The Bulgarians like to think of themselves as a nation of almost unique tolerance in the Balkans. But they cannot abide gypsies and the result is massive discrimination. They may have refused to send their Jews to Hitler's death camps (there was a genuine national revulsion against this idea). They may have reached a political accommodation with the Turkish minority, avoiding Yugoslavian type strife in the immediate post-Communist years. But gypsies have been ruthlessly excluded from Bulgarian society. They are hated because they are dirty, untrustworthy, clannish and all to frequently involved in crime. But for many gypsies, living in slums with no facilities, no education and no jobs, there is no choice. It is an appalling catch-22.
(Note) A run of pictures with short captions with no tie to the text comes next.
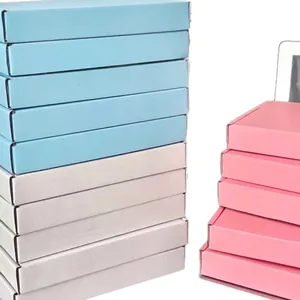 Stack of high-quality colorful cardboard mailing boxes in blue, white, and pink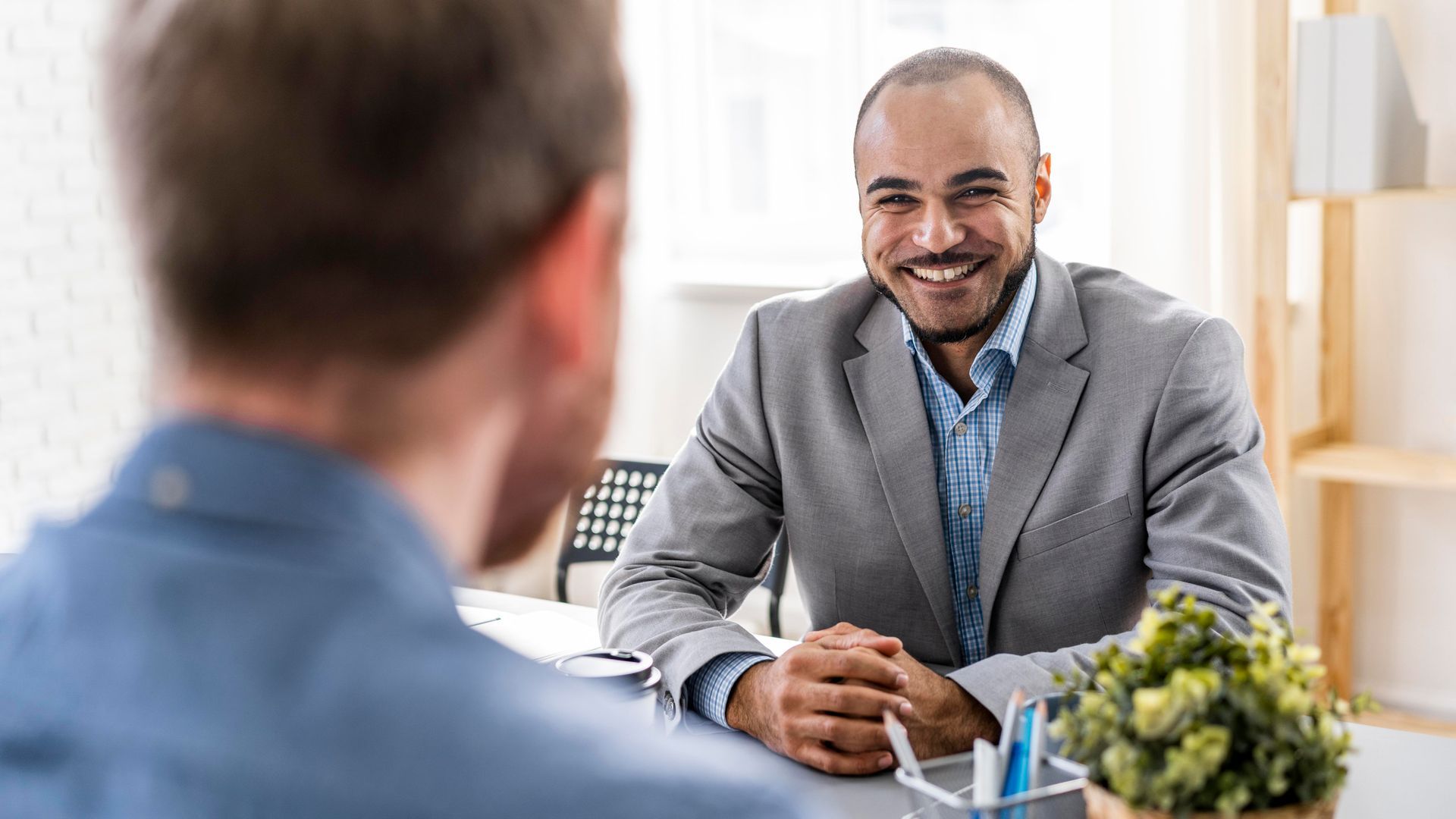 Paralegal helping a client resolve legal paperwork with care and clarity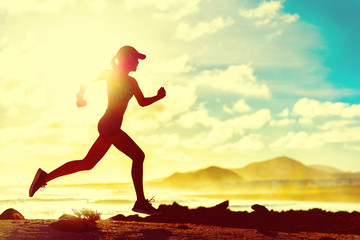 Summer fitness healthy active woman running on beach against sun flare at sunset. Runner athlete sport girl jogging on trail run race on nature landscape. Fit active lifestyle.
This is an ever growing problem. Literally. The official census says that 370,908 gypsies were living in Bulgaria in 2001. Their number increased by one-fifth in ten years. There may, in fact, be even more than this. An unofficial census carried out by the government in 1989 said there were more than 570,000 gypsies. Some anthropologists estimate that the number of people of gypsy origin could be as many as 800,000 or more than ten percent of the population.
While the number of gypsies is growing, the ethnically Bulgarian part of the population is shrinking rapidly. Overall the country suffers from a negative birth rate, compounded by massive emigration (an estimated 750,000 have left the country over the past ten years. The population is one million less than it was in 1985). These figures only make Bulgarians more worried about gypsies. No one has any idea how to solve the problem.
A few weeks before Yana introduced me to Spas, I had been arrested. It was the only time I was ever arrested in Bulgaria. The only reason was because I was in the company of a gypsy. I had gone to Stara Zagora to a Roma pop folk festival and was staying at the home of Petko Emilov, the mayor of Lozenec, the town's gypsy quarter.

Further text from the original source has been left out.